[
https://issues.jboss.org/browse/ISPN-761?page=com.atlassian.jira.plugin.s...
]
Sanne Grinovero commented on ISPN-761:
--------------------------------------
We discussed this on IRC:
{quote}
wburns: mmarkus, anistor, dberindei, galderz, pruivo, ttarant: sannegrinovero: was looking
for input on ISPN-761
wburns: mmarkus brought up a point about non passivated caches as well - and this led me
to find an issue with how size would work currently
wburns: basically you have a non passivated cache that has a user use the SKIP_CACHE_STORE
flag etc. could cause inconsistencies with size method as the cache store is no longer a
superset of the memory store
sannegrinovero: wburns: IMHO #size() should be deleted.
wburns: which would require reading all keys in memory and in the cache store to correctly
determine size
sannegrinovero: wburns: that might not happen in the near future, but just saying that I
wouldn't spend too much time on it.
wburns: sannegrinovero: 1 thought we had was not to worry about this edge case since it is
rarely used Flag outside of internal infinispan
sannegrinovero: wburns: no, size() alreasy is documented that it only returns the size in
the (local) data container, so I don't think it should load from the CacheStore at
all.
wburns: sannegrinovero: the Jira 761 is to change that and as galderz pointed out I
updated the javadoc on Cache
sannegrinovero: wburns: SKIP_CACHE_STORE? no it's super useful for client apps as
well. Quite critical actually.
wburns: for write operations for a new key that is
sannegrinovero: wburns: what's the reason to change that? -1 from me.

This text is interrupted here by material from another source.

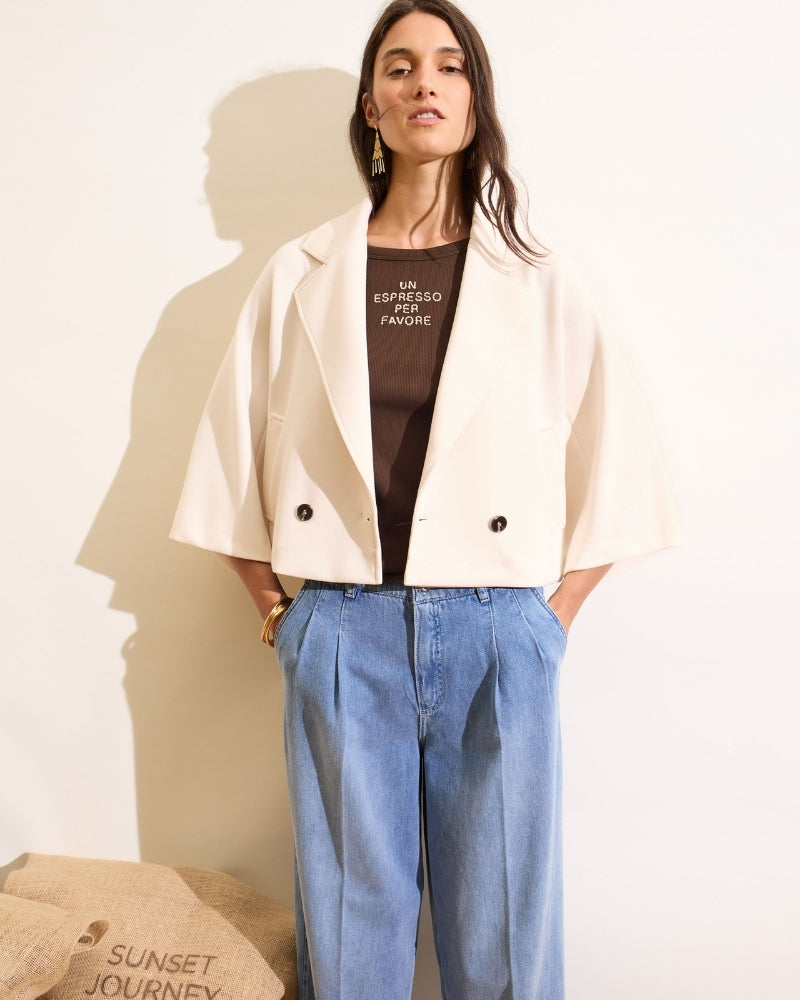 Oui Graphic Tank Top in Demitasse outfit view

wburns: sannegrinovero: it is what people want I guess :/
sannegrinovero: wburns: we can't listen to all, it's primarily important that the
API stays consistent and clear.
mmarkus: I think size should also include the cache store
sannegrinovero: wburns: did you read the comments on the issue? It was moved to 6.0 so
that it could be implemented because, as Manik states there, it requires changes in the
CacheStore SPI to be implemented afficiently.
sannegrinovero: efficiently.
sannegrinovero: mmarkus: ^
mmarkus: if people want to ignore it they can always skip it for persistence
mmarkus: sannegrinovero: I'm not aware of any use cases that skip store *writes* with
flags, any example?
sannegrinovero: mmarkus: these methods are unreliable anyway as they return just the view
of the single node, people shouldn't use them at all or just in statistics (knowing
the limitations)
sannegrinovero: mmarkus: there are dozens of examples of that in the Lucene Directory
module.
sannegrinovero: mmarkus: I made the flag ;)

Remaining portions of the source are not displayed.